The results reflect the strong activation of deamination process in patients with ischemic insult. May be that is connected with the increased level of monoamines (catecholamines and serotonin) in the acute period of the illness. The increase in platelet MAO activity that may reflect the MAO activity in the brain , may result in a decrease in the level of catecholamines and serotonin. This can be considered as a compensatory response that stabilizes homeostasis during the acute period of ischemic insult. This compensatory mechanism is associated with a better functional outcome of the illness, which was confirmed by significant correlations between the MAO activity and neurological deficit in patients with ischemic insult.
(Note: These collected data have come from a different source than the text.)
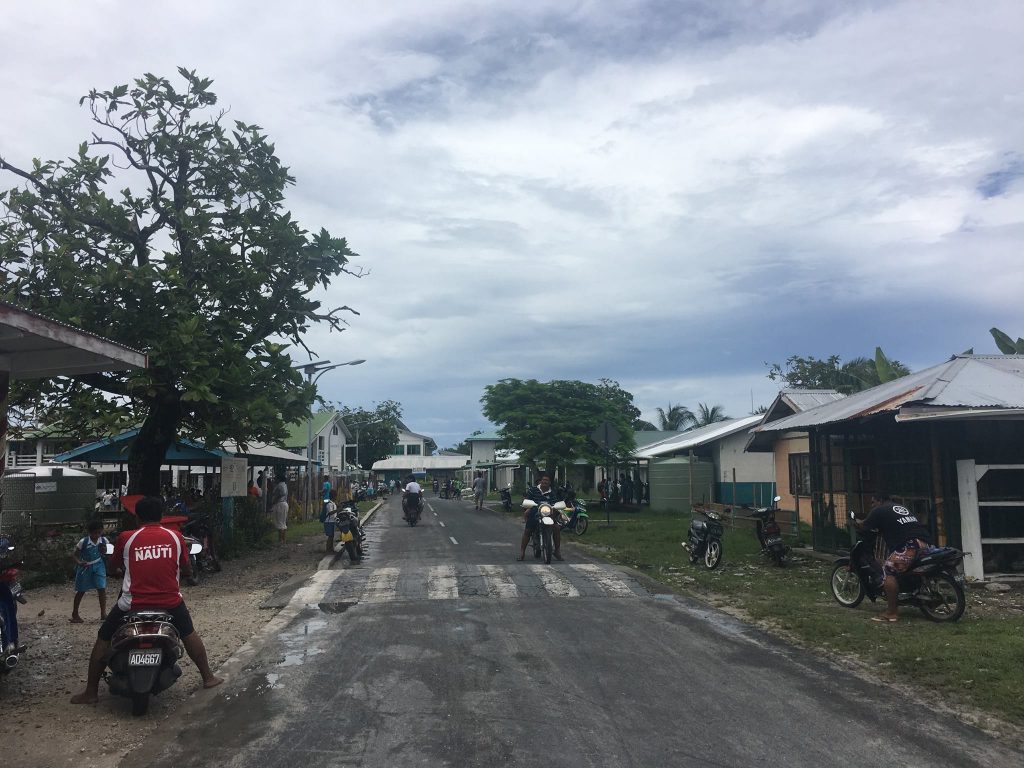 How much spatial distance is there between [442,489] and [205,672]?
53.7 meters

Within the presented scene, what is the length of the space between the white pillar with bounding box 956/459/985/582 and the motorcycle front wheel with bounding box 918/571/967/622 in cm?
280

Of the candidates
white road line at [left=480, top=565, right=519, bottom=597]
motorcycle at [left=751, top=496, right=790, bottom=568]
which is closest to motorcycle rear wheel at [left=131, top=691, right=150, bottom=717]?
white road line at [left=480, top=565, right=519, bottom=597]

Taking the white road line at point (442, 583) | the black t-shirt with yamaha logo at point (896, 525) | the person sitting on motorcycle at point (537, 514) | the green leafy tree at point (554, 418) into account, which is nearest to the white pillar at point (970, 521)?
the black t-shirt with yamaha logo at point (896, 525)

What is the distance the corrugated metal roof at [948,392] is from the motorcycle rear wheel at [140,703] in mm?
10373

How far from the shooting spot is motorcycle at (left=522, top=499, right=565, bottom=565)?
15469 mm

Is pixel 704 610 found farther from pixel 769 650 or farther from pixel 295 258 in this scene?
pixel 295 258

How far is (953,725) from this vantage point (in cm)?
587

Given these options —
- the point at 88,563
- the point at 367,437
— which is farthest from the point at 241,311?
the point at 367,437

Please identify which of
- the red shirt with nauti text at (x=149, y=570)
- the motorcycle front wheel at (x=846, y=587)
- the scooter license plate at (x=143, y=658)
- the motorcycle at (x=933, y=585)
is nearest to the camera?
the scooter license plate at (x=143, y=658)

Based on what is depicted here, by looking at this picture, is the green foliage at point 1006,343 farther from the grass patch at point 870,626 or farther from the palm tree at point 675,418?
the palm tree at point 675,418

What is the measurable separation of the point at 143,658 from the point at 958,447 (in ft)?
39.3

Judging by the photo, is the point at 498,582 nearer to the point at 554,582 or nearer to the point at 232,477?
the point at 554,582

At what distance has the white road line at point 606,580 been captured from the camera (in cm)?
1206

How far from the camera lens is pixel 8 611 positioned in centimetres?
682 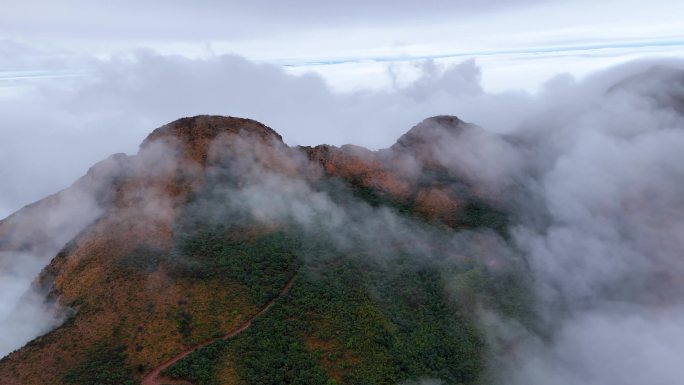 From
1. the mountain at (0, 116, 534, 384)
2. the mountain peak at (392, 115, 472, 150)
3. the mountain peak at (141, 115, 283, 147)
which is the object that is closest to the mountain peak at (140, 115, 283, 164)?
the mountain peak at (141, 115, 283, 147)

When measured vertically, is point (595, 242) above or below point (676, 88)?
below

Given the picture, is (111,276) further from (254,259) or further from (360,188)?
(360,188)

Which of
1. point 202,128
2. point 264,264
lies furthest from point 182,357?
point 202,128

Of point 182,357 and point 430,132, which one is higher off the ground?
point 430,132

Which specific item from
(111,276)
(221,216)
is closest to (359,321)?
(221,216)

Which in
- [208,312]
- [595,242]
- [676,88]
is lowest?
[595,242]

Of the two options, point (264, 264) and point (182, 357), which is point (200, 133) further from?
point (182, 357)

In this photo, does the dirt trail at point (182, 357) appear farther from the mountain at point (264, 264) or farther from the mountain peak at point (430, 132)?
the mountain peak at point (430, 132)

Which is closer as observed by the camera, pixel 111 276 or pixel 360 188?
pixel 111 276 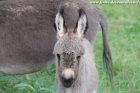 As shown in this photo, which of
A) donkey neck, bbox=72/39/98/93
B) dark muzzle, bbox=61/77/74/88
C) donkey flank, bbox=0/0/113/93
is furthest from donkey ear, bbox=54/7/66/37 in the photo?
donkey flank, bbox=0/0/113/93

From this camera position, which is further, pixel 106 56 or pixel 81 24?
pixel 106 56

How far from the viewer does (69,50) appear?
4.08 metres

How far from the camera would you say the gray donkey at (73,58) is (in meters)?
4.05

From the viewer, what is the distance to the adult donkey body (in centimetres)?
525

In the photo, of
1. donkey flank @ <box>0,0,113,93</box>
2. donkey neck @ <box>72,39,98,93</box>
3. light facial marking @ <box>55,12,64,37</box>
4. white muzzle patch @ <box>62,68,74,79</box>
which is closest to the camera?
white muzzle patch @ <box>62,68,74,79</box>

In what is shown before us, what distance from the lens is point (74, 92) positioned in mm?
4406

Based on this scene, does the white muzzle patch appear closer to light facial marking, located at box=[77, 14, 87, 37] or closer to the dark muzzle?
the dark muzzle

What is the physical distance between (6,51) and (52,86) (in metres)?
0.76

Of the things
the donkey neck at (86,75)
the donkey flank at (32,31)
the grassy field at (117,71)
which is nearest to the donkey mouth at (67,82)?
the donkey neck at (86,75)

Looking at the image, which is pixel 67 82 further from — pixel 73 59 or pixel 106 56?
pixel 106 56

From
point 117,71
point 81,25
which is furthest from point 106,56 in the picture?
point 117,71

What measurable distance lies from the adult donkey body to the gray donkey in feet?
2.41

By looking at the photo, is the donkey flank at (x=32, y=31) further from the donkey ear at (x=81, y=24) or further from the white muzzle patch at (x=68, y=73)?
the white muzzle patch at (x=68, y=73)

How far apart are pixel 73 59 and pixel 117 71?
8.63ft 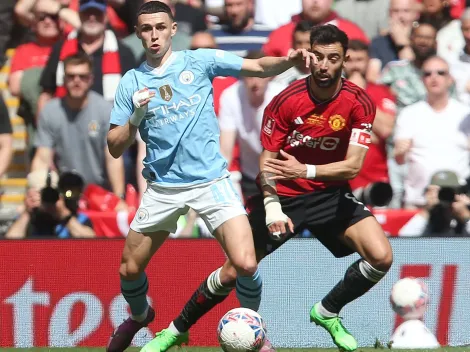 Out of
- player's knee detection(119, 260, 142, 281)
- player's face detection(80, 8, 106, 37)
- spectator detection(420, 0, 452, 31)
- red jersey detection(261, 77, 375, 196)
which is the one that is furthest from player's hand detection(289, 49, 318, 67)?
spectator detection(420, 0, 452, 31)

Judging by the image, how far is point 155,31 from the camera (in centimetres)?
771

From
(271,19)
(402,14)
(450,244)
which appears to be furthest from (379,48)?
(450,244)

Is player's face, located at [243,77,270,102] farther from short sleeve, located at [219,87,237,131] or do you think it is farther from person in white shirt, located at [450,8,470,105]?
person in white shirt, located at [450,8,470,105]

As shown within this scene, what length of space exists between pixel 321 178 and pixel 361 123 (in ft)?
1.62

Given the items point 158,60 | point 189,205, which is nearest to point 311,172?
point 189,205

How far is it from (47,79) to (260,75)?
14.7 feet

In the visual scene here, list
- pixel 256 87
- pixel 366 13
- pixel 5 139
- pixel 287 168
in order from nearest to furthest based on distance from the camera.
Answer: pixel 287 168
pixel 256 87
pixel 5 139
pixel 366 13

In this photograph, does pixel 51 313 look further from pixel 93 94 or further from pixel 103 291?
pixel 93 94

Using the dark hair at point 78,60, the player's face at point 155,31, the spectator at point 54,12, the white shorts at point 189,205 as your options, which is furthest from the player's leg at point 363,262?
the spectator at point 54,12

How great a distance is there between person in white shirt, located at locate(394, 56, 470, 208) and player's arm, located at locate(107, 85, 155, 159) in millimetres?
4005

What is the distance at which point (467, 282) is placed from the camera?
973cm

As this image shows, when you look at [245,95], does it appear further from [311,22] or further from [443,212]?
[443,212]

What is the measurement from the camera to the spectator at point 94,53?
11.6 meters

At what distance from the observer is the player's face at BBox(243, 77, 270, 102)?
432 inches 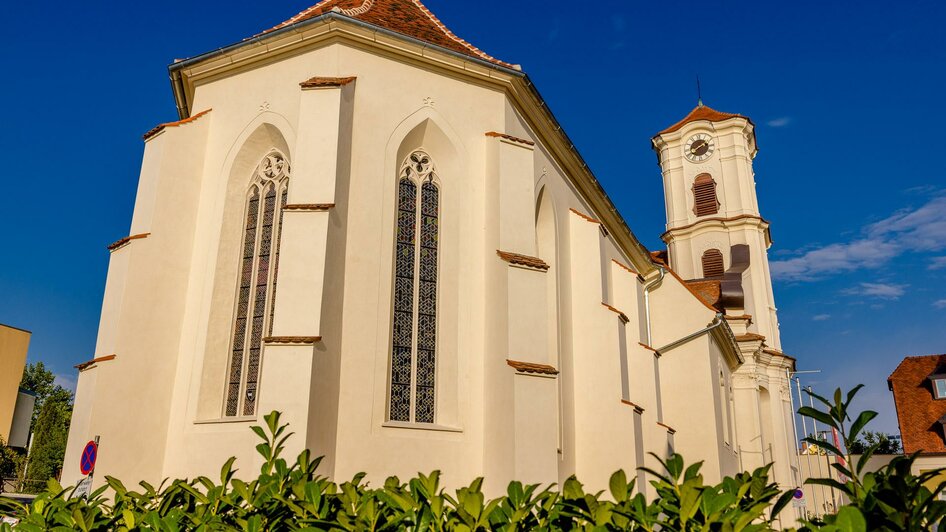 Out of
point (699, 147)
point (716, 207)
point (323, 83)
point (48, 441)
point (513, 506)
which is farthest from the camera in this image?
point (48, 441)

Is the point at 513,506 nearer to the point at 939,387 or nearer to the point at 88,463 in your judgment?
the point at 88,463

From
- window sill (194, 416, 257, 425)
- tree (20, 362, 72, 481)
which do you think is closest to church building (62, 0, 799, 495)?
window sill (194, 416, 257, 425)

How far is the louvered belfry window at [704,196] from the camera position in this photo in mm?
38562

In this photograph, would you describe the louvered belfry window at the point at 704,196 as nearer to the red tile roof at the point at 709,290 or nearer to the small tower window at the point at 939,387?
the red tile roof at the point at 709,290

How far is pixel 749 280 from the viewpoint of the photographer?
36438 mm

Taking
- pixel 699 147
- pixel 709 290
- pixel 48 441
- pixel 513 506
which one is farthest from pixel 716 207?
pixel 48 441

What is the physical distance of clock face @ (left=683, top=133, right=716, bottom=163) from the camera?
131 ft

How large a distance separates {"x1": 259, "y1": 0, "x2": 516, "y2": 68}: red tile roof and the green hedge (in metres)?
10.9

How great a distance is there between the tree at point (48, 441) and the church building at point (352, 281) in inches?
1728

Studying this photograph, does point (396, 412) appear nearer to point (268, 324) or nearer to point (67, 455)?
point (268, 324)

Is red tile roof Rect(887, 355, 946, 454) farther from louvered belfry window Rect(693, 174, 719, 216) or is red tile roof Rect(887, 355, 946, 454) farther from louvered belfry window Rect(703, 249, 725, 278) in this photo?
louvered belfry window Rect(693, 174, 719, 216)

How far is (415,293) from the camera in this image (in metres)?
12.4

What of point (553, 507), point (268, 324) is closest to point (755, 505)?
point (553, 507)

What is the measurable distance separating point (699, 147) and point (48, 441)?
4866 centimetres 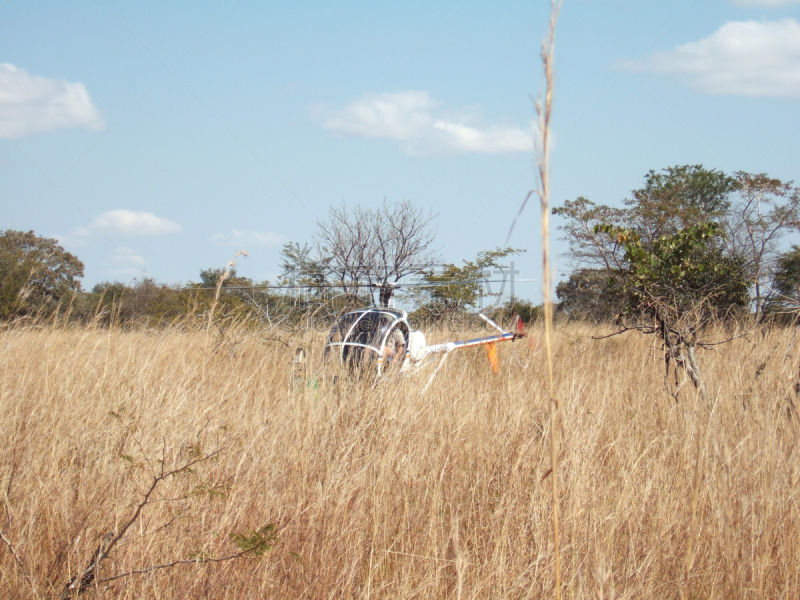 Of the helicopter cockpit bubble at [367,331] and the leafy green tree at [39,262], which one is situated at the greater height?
the leafy green tree at [39,262]

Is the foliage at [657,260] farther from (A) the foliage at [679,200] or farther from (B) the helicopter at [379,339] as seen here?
(A) the foliage at [679,200]

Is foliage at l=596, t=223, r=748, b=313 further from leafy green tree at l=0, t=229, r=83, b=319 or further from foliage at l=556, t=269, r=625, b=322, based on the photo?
foliage at l=556, t=269, r=625, b=322

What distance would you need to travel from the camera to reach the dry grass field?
1.80m

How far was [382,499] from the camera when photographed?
239 centimetres

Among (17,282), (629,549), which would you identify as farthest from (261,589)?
(17,282)

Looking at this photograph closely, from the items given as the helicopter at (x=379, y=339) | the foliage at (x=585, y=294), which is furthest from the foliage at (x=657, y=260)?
the foliage at (x=585, y=294)

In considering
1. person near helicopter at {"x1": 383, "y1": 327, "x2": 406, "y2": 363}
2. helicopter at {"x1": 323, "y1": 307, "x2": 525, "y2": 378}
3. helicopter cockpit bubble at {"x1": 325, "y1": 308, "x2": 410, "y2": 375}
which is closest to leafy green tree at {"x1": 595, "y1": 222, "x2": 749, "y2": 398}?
helicopter at {"x1": 323, "y1": 307, "x2": 525, "y2": 378}

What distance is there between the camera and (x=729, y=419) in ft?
11.4

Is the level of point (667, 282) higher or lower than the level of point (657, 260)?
lower

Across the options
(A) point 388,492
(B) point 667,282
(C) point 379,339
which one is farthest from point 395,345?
(A) point 388,492

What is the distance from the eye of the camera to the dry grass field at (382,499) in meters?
1.80

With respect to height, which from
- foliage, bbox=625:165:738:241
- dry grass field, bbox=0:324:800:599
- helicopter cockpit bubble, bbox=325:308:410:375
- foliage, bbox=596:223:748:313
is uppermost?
foliage, bbox=625:165:738:241

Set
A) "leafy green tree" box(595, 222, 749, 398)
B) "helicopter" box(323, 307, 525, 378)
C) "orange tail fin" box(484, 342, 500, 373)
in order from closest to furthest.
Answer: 1. "leafy green tree" box(595, 222, 749, 398)
2. "helicopter" box(323, 307, 525, 378)
3. "orange tail fin" box(484, 342, 500, 373)

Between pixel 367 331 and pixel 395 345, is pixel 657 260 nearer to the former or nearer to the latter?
pixel 395 345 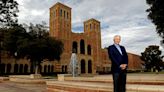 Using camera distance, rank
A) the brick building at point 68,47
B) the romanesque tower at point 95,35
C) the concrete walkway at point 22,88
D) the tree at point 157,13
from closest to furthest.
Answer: the concrete walkway at point 22,88 → the tree at point 157,13 → the brick building at point 68,47 → the romanesque tower at point 95,35

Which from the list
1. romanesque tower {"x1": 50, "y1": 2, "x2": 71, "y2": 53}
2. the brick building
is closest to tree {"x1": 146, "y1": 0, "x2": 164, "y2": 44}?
the brick building

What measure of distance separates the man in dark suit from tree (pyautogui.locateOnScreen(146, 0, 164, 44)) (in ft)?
47.0

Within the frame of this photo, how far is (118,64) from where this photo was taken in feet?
20.7

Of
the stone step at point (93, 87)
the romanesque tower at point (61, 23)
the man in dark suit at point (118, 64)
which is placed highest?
the romanesque tower at point (61, 23)

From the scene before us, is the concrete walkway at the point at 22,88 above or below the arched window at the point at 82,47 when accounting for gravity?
below

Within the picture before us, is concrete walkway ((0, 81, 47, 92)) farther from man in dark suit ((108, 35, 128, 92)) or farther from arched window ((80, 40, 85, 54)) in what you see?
arched window ((80, 40, 85, 54))

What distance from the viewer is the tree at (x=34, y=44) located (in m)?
43.6

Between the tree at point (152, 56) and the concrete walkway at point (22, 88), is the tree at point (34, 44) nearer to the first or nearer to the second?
the concrete walkway at point (22, 88)

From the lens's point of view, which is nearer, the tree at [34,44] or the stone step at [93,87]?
the stone step at [93,87]

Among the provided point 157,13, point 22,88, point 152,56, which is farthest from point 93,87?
point 152,56

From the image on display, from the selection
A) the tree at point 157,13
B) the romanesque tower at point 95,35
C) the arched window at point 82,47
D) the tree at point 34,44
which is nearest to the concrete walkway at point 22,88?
the tree at point 157,13

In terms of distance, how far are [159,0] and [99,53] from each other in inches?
3130

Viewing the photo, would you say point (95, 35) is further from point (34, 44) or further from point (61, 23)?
point (34, 44)

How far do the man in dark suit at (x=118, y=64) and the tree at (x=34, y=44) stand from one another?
123 ft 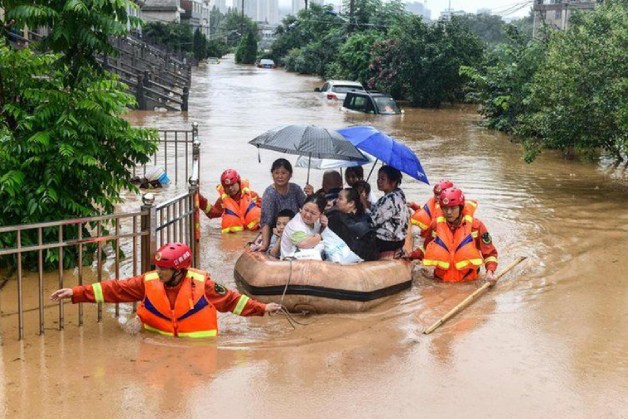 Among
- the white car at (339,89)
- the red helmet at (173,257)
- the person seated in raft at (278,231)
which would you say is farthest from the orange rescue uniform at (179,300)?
the white car at (339,89)

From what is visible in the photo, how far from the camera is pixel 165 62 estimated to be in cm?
4656

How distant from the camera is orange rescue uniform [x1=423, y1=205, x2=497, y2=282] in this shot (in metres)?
9.21

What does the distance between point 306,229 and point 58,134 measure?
9.02 feet

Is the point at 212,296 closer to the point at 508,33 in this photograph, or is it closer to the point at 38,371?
the point at 38,371

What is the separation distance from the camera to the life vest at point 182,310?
6.77m

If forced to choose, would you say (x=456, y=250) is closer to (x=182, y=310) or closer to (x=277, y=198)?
(x=277, y=198)

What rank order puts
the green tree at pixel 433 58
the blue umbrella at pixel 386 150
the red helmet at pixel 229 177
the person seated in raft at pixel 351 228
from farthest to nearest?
the green tree at pixel 433 58
the red helmet at pixel 229 177
the blue umbrella at pixel 386 150
the person seated in raft at pixel 351 228

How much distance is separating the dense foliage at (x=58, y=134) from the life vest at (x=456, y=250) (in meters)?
3.32

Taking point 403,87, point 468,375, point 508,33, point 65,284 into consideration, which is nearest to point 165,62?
point 403,87

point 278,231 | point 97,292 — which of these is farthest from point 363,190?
point 97,292

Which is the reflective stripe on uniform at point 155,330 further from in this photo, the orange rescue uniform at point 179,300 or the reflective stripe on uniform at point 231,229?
the reflective stripe on uniform at point 231,229

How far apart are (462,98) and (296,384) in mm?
35136

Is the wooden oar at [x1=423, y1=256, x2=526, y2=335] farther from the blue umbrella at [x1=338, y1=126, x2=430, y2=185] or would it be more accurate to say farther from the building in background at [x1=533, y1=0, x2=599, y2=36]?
the building in background at [x1=533, y1=0, x2=599, y2=36]

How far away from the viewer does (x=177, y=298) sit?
6777mm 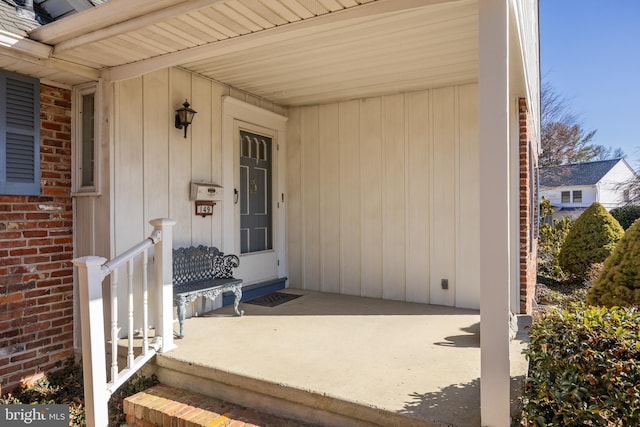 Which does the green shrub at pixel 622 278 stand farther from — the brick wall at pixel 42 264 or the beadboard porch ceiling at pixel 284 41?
the brick wall at pixel 42 264

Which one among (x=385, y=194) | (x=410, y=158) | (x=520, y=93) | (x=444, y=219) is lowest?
(x=444, y=219)

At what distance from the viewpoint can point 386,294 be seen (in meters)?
4.98

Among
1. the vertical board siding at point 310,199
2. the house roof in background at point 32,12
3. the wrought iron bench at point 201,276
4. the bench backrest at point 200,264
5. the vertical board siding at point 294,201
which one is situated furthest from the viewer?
the vertical board siding at point 294,201

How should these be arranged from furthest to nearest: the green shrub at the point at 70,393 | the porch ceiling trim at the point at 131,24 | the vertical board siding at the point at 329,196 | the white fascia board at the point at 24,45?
the vertical board siding at the point at 329,196 < the green shrub at the point at 70,393 < the white fascia board at the point at 24,45 < the porch ceiling trim at the point at 131,24

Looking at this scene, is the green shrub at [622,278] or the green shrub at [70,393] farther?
the green shrub at [622,278]

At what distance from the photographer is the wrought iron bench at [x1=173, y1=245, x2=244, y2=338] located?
11.7 feet

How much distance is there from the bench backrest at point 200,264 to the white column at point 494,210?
9.23ft

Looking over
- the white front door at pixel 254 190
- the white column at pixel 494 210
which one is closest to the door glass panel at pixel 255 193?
the white front door at pixel 254 190

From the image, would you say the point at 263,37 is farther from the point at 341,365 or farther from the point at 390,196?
the point at 390,196

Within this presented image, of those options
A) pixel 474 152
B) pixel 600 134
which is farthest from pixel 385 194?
pixel 600 134

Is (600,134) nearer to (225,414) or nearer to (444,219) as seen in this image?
(444,219)

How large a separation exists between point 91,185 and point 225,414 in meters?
2.24

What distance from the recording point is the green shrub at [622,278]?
12.2ft

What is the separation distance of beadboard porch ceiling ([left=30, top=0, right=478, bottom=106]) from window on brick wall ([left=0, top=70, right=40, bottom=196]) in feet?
1.16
Significant correlations (with opposite signs) were observed between the MAO activity on the 3rd–5th day of the illness and neurological deficit score (NIHSS) and the functional recovery of patients (the Bartel Index) on the 21st day of the illness (MAO/NIHSS: r = –0.72, P = 0.04; MAO/Bartel Index: r = +0.66, P < 0.05).
A decrease in the neurological deficit accompanied by a decrease in the NIHSS score and an increase in the Bartel Index was associated with an increase in the activity of platelet MAO. The results of regression analysis also suggested that there is a significant negative correlation between the MAO activity on the 3rd–5th day of the illness and the recovery of neurological functions on the 21st day after ischemic insult (summary NIHSS score; contingency test (χ2 – 1) = 7.47, P = 0.005 (odds ratio OR = 1.29). The increase in MAO activity during the acute period of ischemic insult was associated with one of the compensatory responses that stabilize the homeostasis of the patient’s body and provide conditions for better recovery of neurological functions. There is an important poorly investigated problem of the recovery of disturbed neurological functions on the late stages after ischemic insult. Our preliminary experimental results in which poststroke patients underwent brain scanning with analysis of functional (resting state fMRI) and anatomical connectivity at different (chronic) stages of disease allowed us to identify some patterns of the recovery process. It was found that the recovery of speech was reflected in the strengthening of large-scale interhemispheric functional connectivity and of the left intrinsic connectivity of the frontotemporoparietal region (according to the resting state fMRI. Thus, the increased platelet MAO activity in the acute period of insult may be considered as a positive potential serological biomarker of the functional outcome of the illness on the 21st day of ischemic insult.